■ **The problem**:
Please reproduce the data exactly, though every picture must stay out.

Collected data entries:
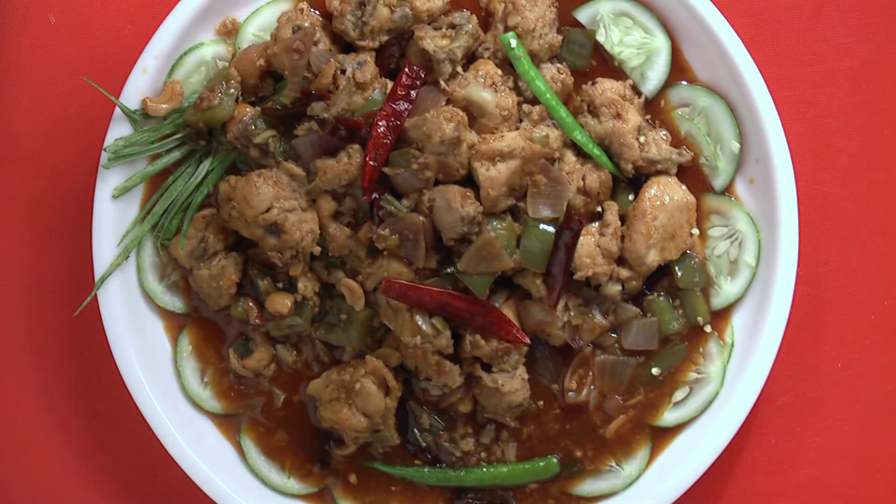Chili chicken — the name itself tempts people from miles away. Let's now make chili chicken.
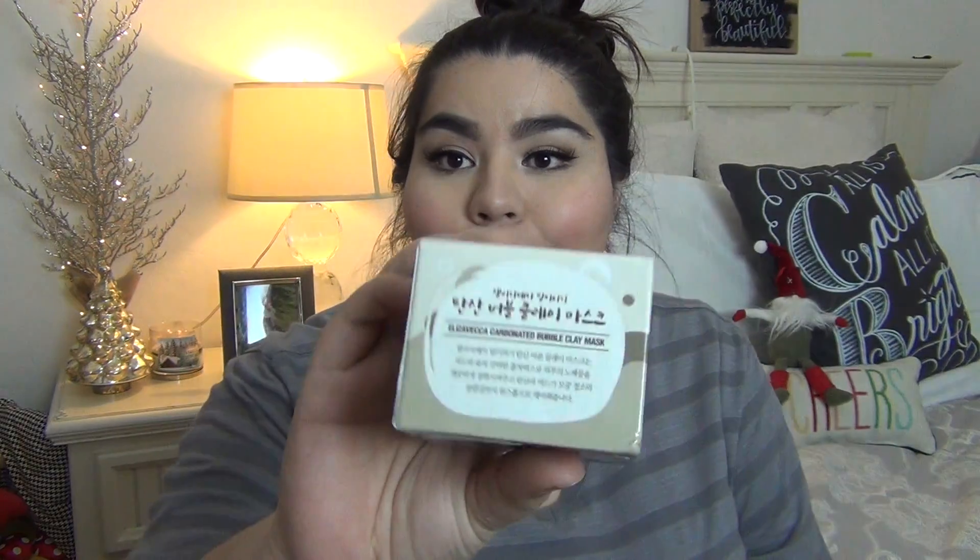Hey everyone! So I am back to doing a review whatever you want Wednesday. And for this review video I am doing, as you can see from the title, is the Elizavecca Milky Piggy Carbonated Bubbly Clay Mask.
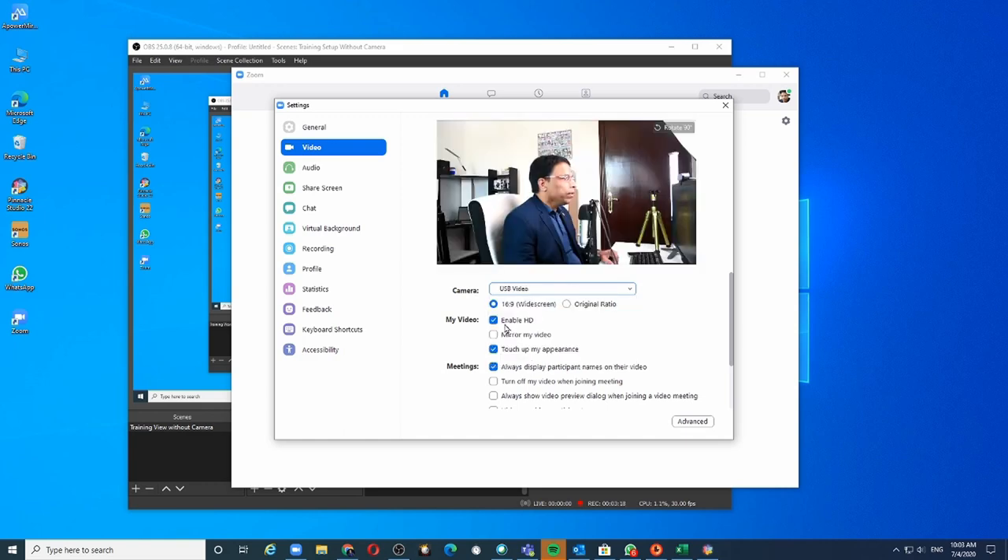Click on that and now the input changes to the DSLR camera, which can now be used as a web camera. And this is the result.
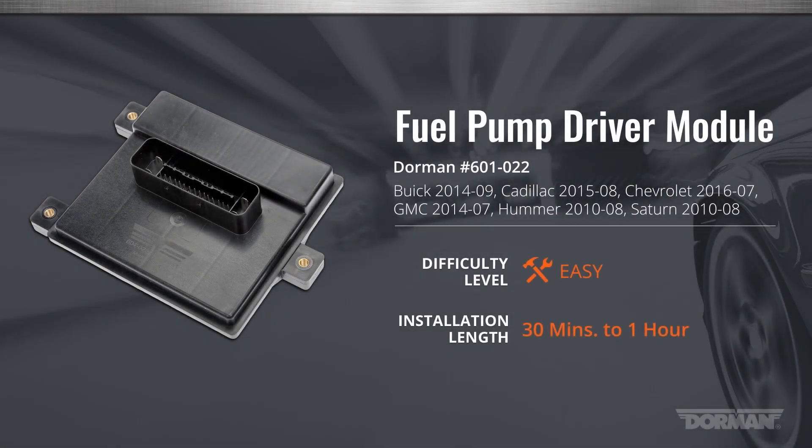Welcome to Dorman Products Fuel Pump Driver Module installation video. This installation is considered easy by our technicians and should take you between 30 minutes to an hour to complete.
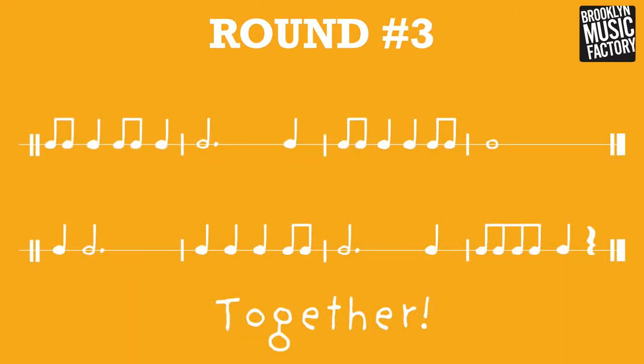Round three. One, two, three, four. Eighth note, quarter. Eighth note, quarter. Half note, dot, quarter. Eighth note, quarter. Quarter, eighth note. Whole note, hold it. Quarter, half note, dot. Quarter, quarter, quarter. Eighth note, half note, dot. Quarter, eighth note, eighth note, quarter. Rest.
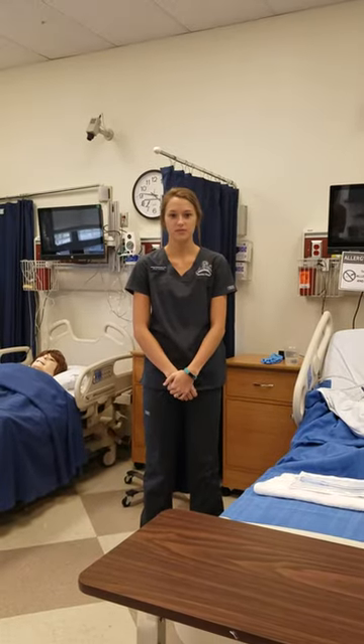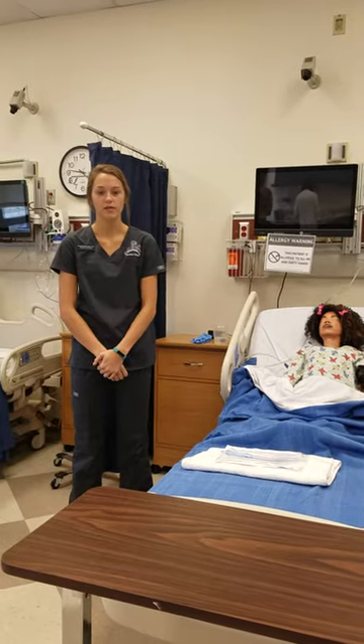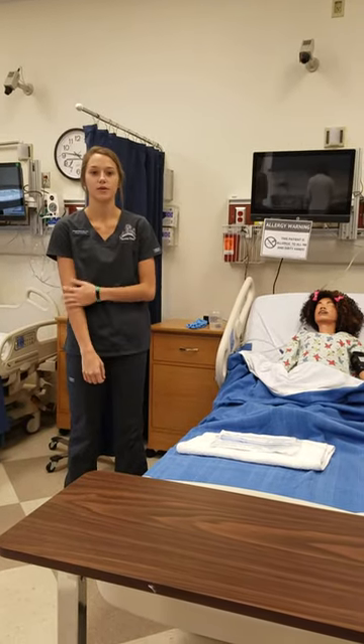Hi, my name is Abby McNally. I'm a first semester nursing student. Today is November 17th at around 9:20 in the morning, and I'm going to be doing oral suctioning.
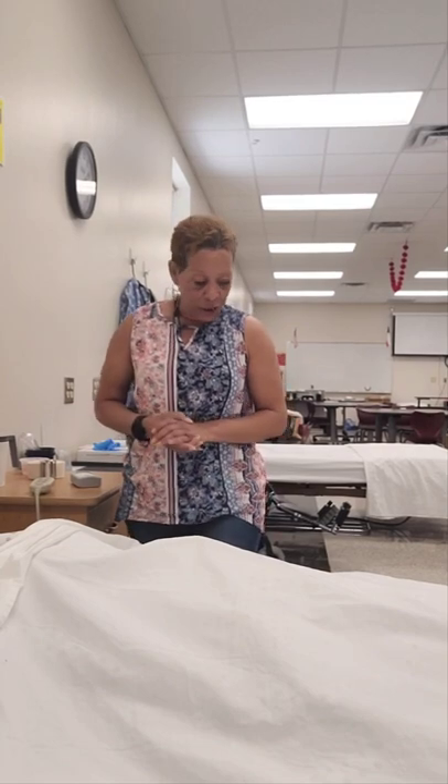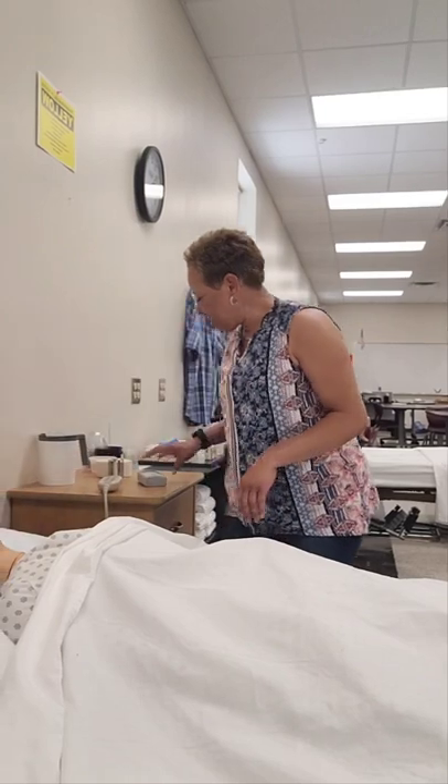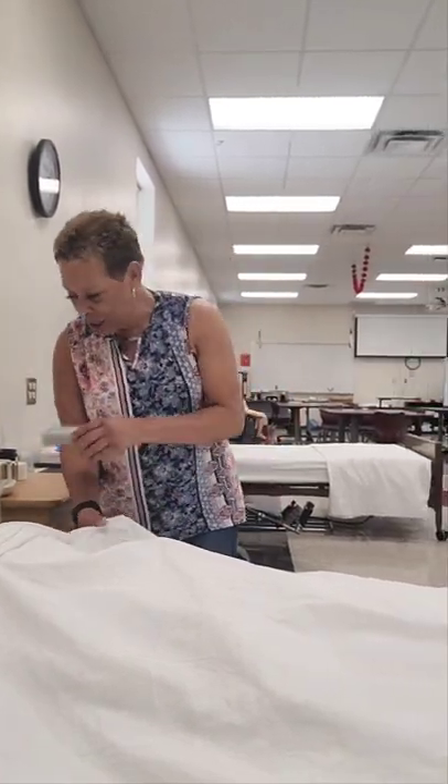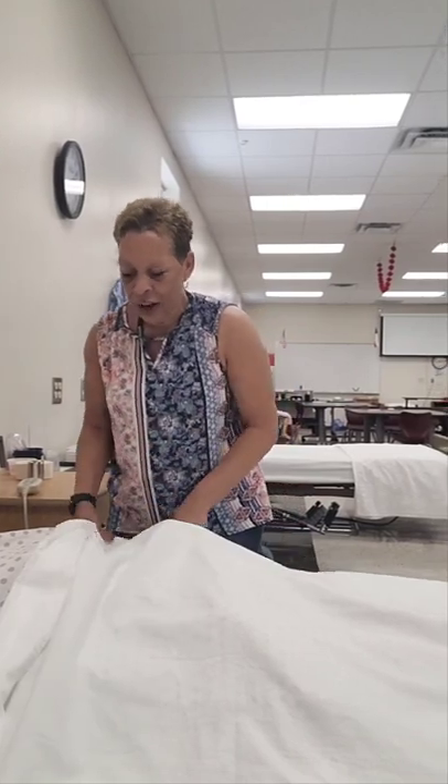Hey, good morning Mrs. Jones, how are you? Awesome. I'm Julie, I'm your CNA, and today I'm going to be cleaning your catheter. Before I get started, I want to make sure your bed is in a low, safe position — and it is. Your bed wheels are locked, your head of bed is flat. I'm going to give you your call light and provide you with privacy by closing your privacy curtain.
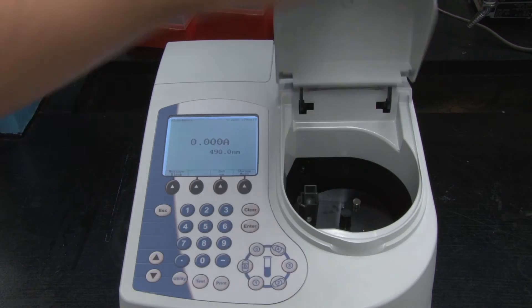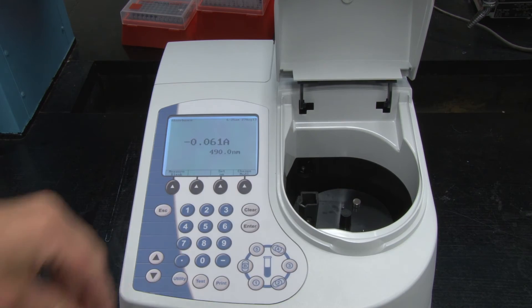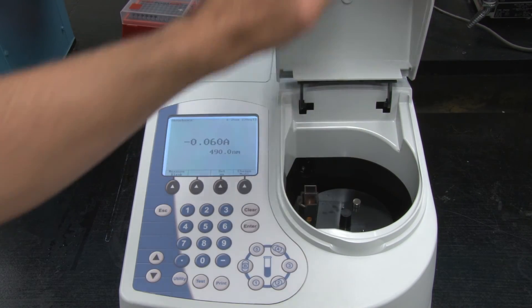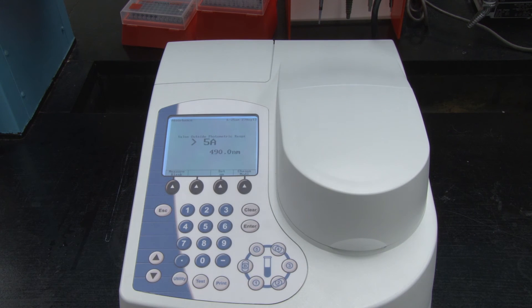After blanking, remove the cuvette and insert your sample. The spectrophotometer will read the absorbance of your sample and report it on the screen.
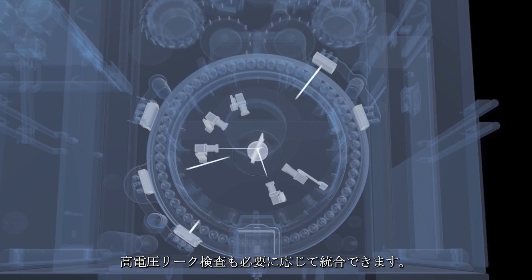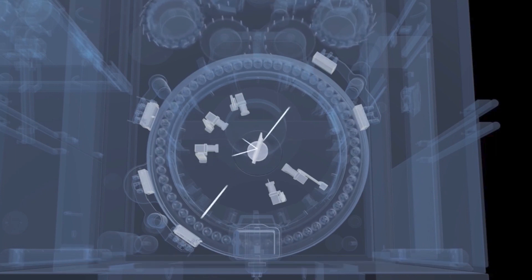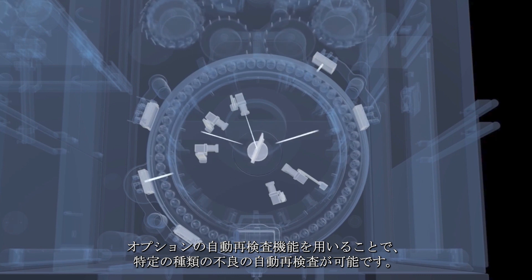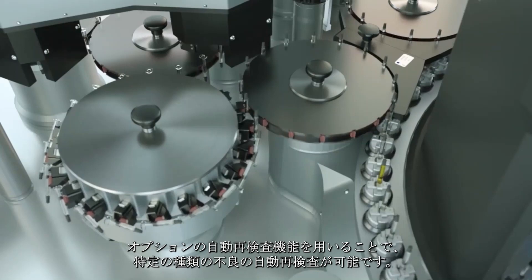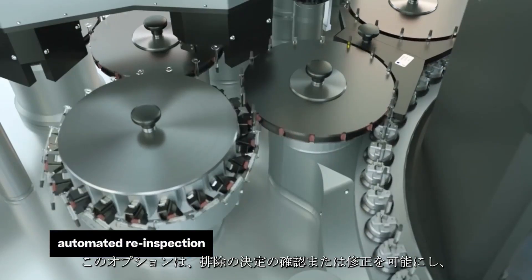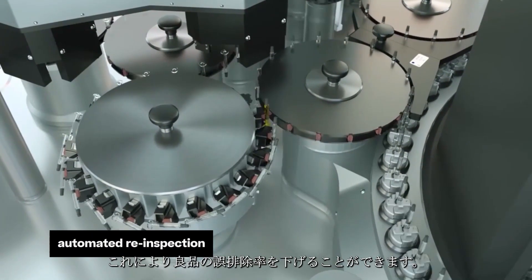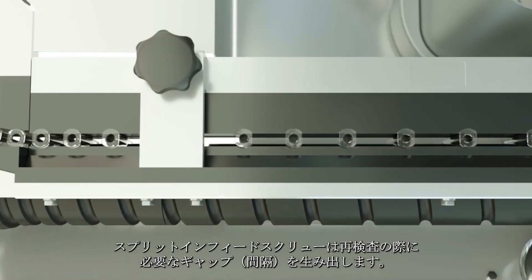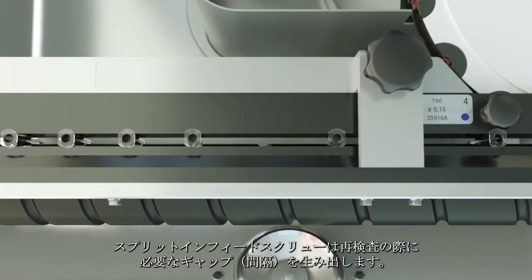High voltage leak detection can also be integrated if required. Via the optional automatic re-inspection, certain types of defects can be evaluated again. This verifies or revises the decision to remove, therefore lowering the false reject rate. The split-in feed screw generates a re-inspection gap.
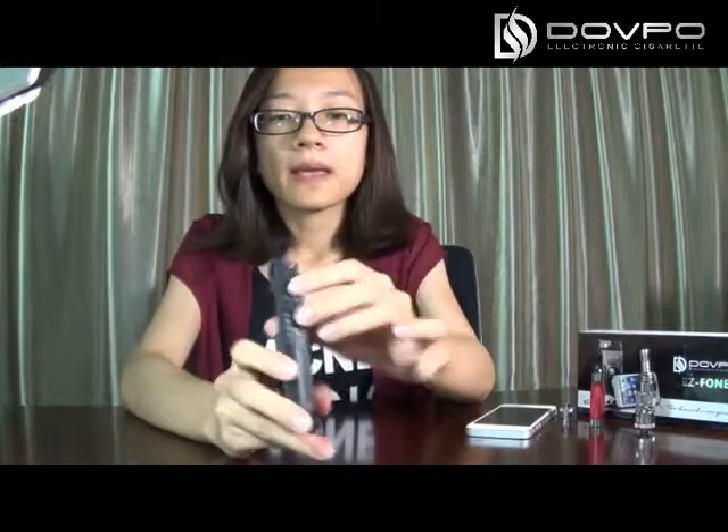This is the smoking button. Press it 5 times in 3 seconds to turn on this vapor. And this is the micro USB you can charge for this vapor. And this switch — 3V are optional for smoking: 3.3, 3.7 and 4.2V.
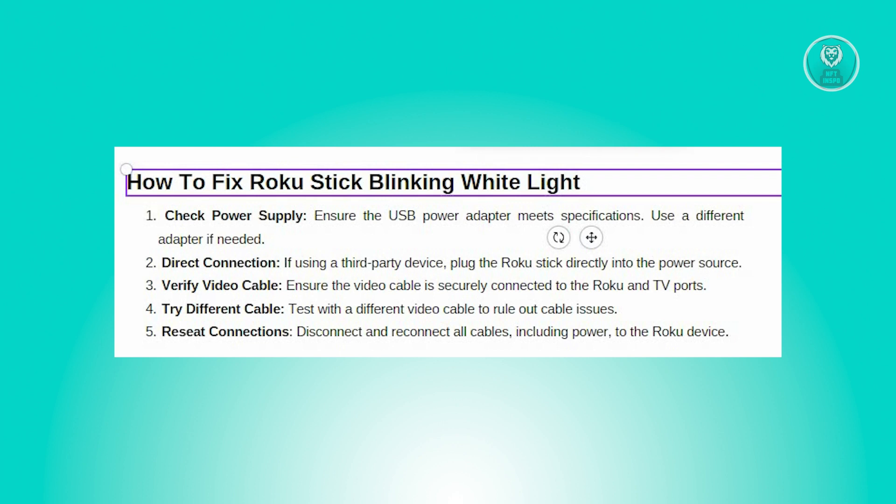You may need to undo and redo the connections to ensure they are properly seated. If possible, try using a different video cable to determine if the issue is caused by a faulty cable.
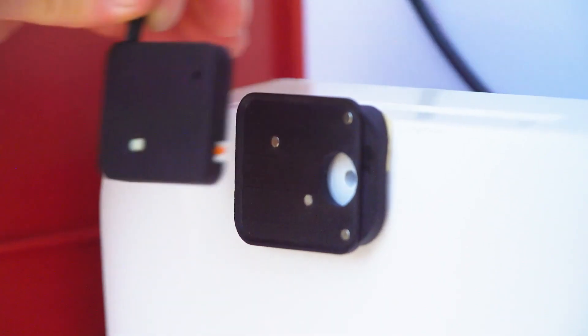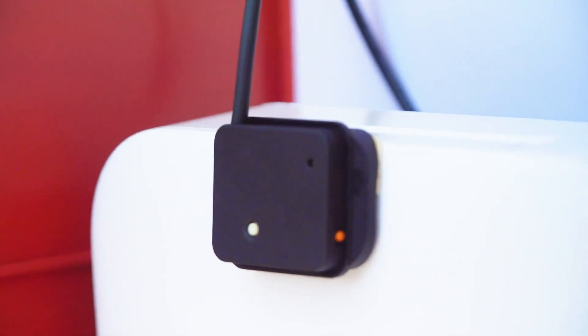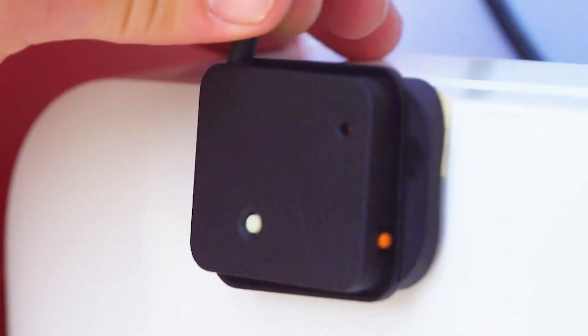Place the sensor on the base, being sure to line up the magnets so the sensor clicks into place.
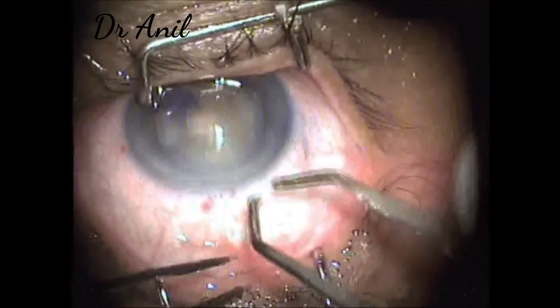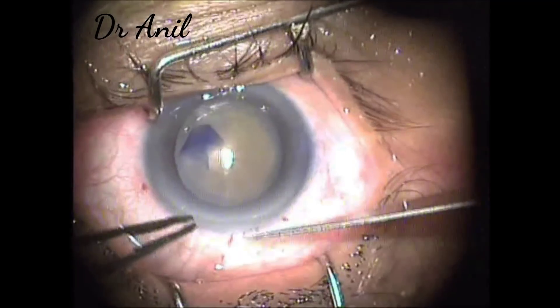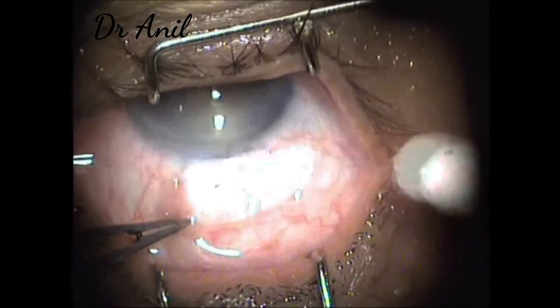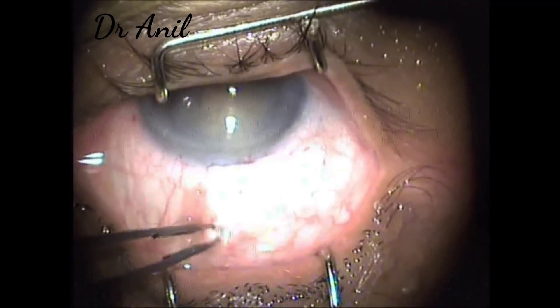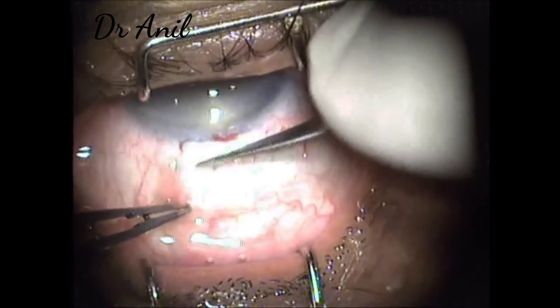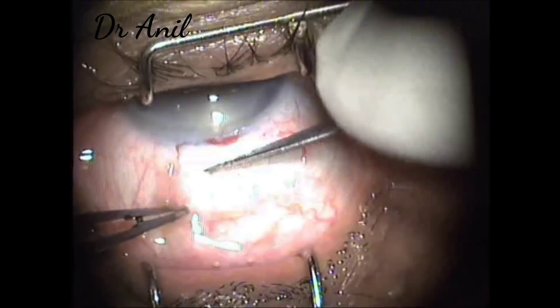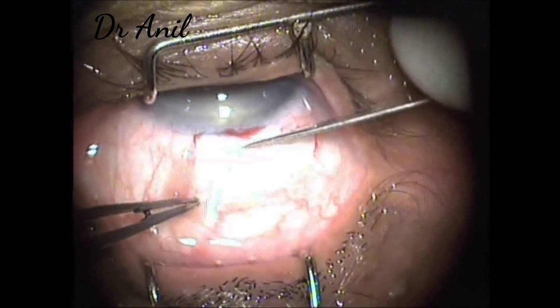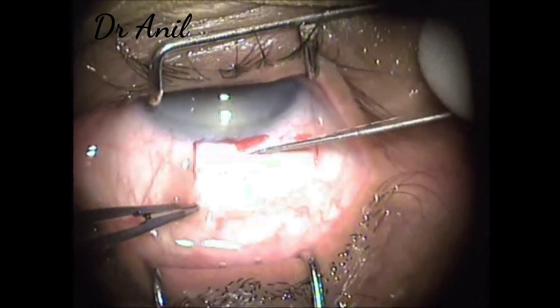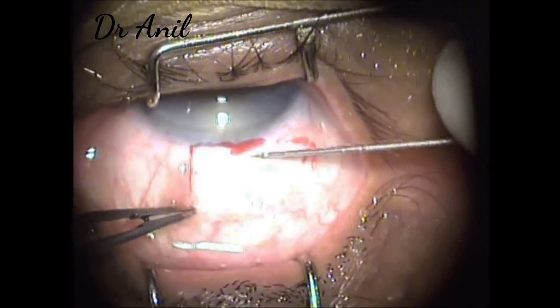Now the incision of the sclera is made — a frown incision is made with an 11 number blade, just a little deep so that it makes a groove in a frown manner. You can even fashion the groove a little more if you require.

■ **Task response**:
Chili chicken — the name itself tempts people from miles away. Let's now make chili chicken.
Hey everyone! So I am back to doing a review whatever you want Wednesday. And for this review video I am doing, as you can see from the title, is the Elizavecca Milky Piggy Carbonated Bubbly Clay Mask.
Click on that and now the input changes to the DSLR camera, which can now be used as a web camera. And this is the result.
Welcome to Dorman Products Fuel Pump Driver Module installation video. This installation is considered easy by our technicians and should take you between 30 minutes to an hour to complete.
Round three. One, two, three, four. Eighth note, quarter. Eighth note, quarter. Half note, dot, quarter. Eighth note, quarter. Quarter, eighth note. Whole note, hold it. Quarter, half note, dot. Quarter, quarter, quarter. Eighth note, half note, dot. Quarter, eighth note, eighth note, quarter. Rest.
Hi, my name is Abby McNally. I'm a first semester nursing student. Today is November 17th at around 9:20 in the morning, and I'm going to be doing oral suctioning.
Hey, good morning Mrs. Jones, how are you? Awesome. I'm Julie, I'm your CNA, and today I'm going to be cleaning your catheter. Before I get started, I want to make sure your bed is in a low, safe position — and it is. Your bed wheels are locked, your head of bed is flat. I'm going to give you your call light and provide you with privacy by closing your privacy curtain.
After blanking, remove the cuvette and insert your sample. The spectrophotometer will read the absorbance of your sample and report it on the screen.
High voltage leak detection can also be integrated if required. Via the optional automatic re-inspection, certain types of defects can be evaluated again. This verifies or revises the decision to remove, therefore lowering the false reject rate. The split-in feed screw generates a re-inspection gap.
This is the smoking button. Press it 5 times in 3 seconds to turn on this vapor. And this is the micro USB you can charge for this vapor. And this switch — 3V are optional for smoking: 3.3, 3.7 and 4.2V.
You may need to undo and redo the connections to ensure they are properly seated. If possible, try using a different video cable to determine if the issue is caused by a faulty cable.
Place the sensor on the base, being sure to line up the magnets so the sensor clicks into place.
Now the incision of the sclera is made — a frown incision is made with an 11 number blade, just a little deep so that it makes a groove in a frown manner. You can even fashion the groove a little more if you require.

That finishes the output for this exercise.